If you have several servers on your site, this monitor will track them all down over the network and enroll them in its monitoring program. All of those servers can be checked through one single dashboard. The monitor keeps track of activity on the processor, the disk, in memory and on network interfaces. It will watch factors such as page swapping and page faults as well.
The monitor has an uptime recorder and a constant live graph of server load. It measures response times and it also forecasts where utilization levels will go. The server monitor includes alert thresholds. Those alerts appear in the dashboard, but you can also have them sent to you by email or SMS, so you don’t have to sit and watch the dashboard constantly.
The Server & Application Monitor oversees racks and UPS systems as well as the server itself. It will monitor the server temperature and fan performance.
As the name explains, the SolarWinds Server & Application Monitor also keeps track of application performance. The tool includes a utility called PerfStack, which shows every stack layer supporting each application, showing where performance impairment is coming from.
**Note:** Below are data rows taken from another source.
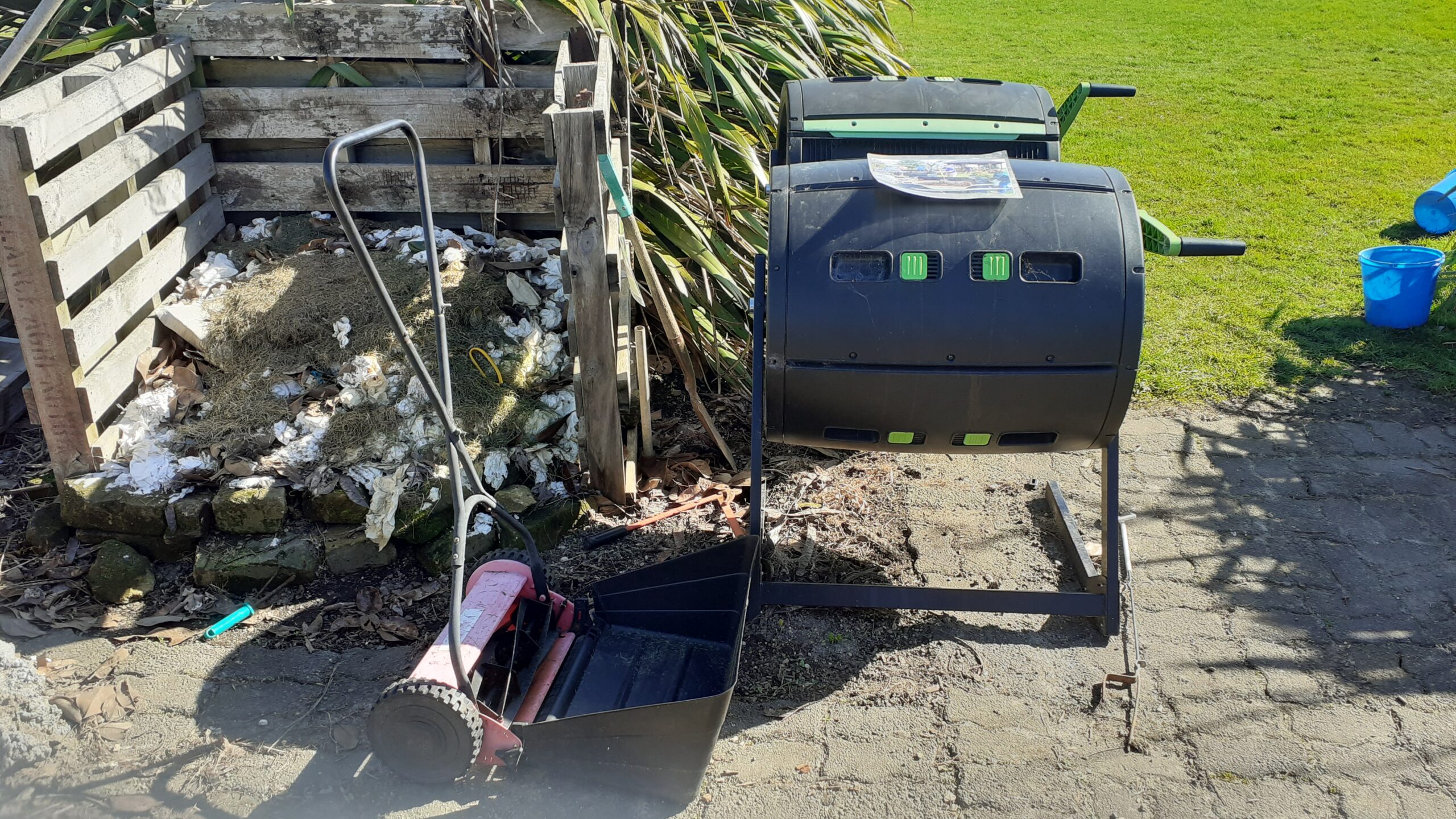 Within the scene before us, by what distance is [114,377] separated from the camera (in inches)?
147

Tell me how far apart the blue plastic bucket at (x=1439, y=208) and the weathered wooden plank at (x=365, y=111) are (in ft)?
17.9

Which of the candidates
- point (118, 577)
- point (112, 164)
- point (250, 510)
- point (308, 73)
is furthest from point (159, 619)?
point (308, 73)

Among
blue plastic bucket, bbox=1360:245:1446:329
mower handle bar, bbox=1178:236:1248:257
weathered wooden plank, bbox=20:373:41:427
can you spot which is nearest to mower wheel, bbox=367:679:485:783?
weathered wooden plank, bbox=20:373:41:427

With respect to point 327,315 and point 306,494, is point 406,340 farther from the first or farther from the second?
point 327,315

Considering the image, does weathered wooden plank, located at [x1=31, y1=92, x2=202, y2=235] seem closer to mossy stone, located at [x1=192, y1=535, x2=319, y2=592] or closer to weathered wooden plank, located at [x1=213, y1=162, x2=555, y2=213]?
weathered wooden plank, located at [x1=213, y1=162, x2=555, y2=213]

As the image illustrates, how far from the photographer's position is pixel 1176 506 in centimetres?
405

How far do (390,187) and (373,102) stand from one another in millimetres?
373

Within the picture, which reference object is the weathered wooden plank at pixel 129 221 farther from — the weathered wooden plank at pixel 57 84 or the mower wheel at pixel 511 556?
the mower wheel at pixel 511 556

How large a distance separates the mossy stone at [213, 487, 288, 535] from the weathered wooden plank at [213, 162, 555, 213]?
5.20 ft

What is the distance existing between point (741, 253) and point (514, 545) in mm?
1839

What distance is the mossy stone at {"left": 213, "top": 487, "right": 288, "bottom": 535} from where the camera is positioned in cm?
353

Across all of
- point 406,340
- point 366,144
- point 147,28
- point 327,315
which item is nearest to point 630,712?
point 406,340

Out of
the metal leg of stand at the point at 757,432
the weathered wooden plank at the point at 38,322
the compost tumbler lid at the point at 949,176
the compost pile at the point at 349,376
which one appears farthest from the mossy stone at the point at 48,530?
the compost tumbler lid at the point at 949,176

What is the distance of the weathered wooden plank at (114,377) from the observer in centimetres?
356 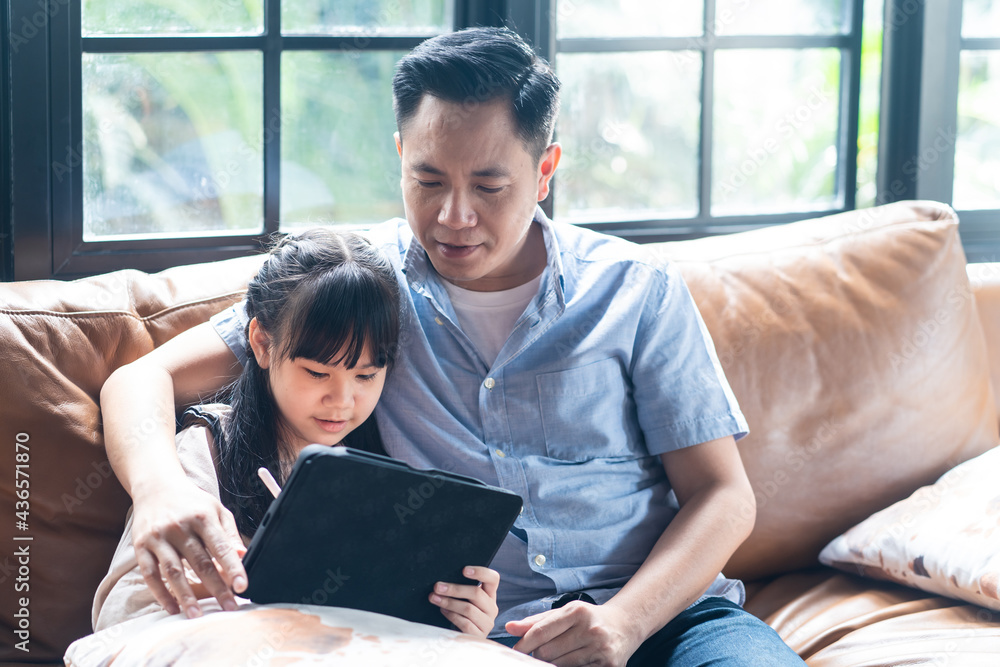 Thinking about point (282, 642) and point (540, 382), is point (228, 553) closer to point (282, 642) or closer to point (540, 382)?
point (282, 642)

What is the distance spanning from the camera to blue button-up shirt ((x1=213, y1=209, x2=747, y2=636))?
1194 mm

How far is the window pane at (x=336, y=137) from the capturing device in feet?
5.57

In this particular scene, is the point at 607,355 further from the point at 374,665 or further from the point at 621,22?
the point at 621,22

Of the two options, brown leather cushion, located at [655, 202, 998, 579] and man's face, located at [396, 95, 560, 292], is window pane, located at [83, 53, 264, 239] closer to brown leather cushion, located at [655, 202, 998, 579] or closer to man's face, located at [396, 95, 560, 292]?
man's face, located at [396, 95, 560, 292]

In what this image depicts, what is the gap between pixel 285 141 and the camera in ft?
5.60

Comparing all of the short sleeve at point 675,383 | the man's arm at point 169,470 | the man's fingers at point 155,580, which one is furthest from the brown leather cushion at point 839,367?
the man's fingers at point 155,580

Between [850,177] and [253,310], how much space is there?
157cm

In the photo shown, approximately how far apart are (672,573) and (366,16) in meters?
1.22

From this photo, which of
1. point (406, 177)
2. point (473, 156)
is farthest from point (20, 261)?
point (473, 156)

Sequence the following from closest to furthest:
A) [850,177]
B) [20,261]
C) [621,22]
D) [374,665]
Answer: [374,665], [20,261], [621,22], [850,177]

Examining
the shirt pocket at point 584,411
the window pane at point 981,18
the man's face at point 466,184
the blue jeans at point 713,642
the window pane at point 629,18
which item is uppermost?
the window pane at point 981,18

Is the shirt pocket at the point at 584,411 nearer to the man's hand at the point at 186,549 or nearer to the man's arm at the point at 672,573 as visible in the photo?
the man's arm at the point at 672,573

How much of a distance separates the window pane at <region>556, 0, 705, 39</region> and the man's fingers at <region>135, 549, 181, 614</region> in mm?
1404

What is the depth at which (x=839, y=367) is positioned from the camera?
1479 millimetres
The Server & Application monitor is very comprehensive and you can check it out and see what a server monitor can do for you by trying out a 30-day free trial of the tool.
Implementing server monitoring
The easiest way to monitor your servers successfully is to get an automated tool to do the job for you. This strategy works out cheaper than hiring extra staff to perform the task manually.
Server monitoring automation, based around earning thresholds can be adjusted according to your own working practices and solution lead times. These tools can also be used to predict future requirements. That will enable you to buy expansion hardware and make sure that server performance stays sufficient to keep the user community happy.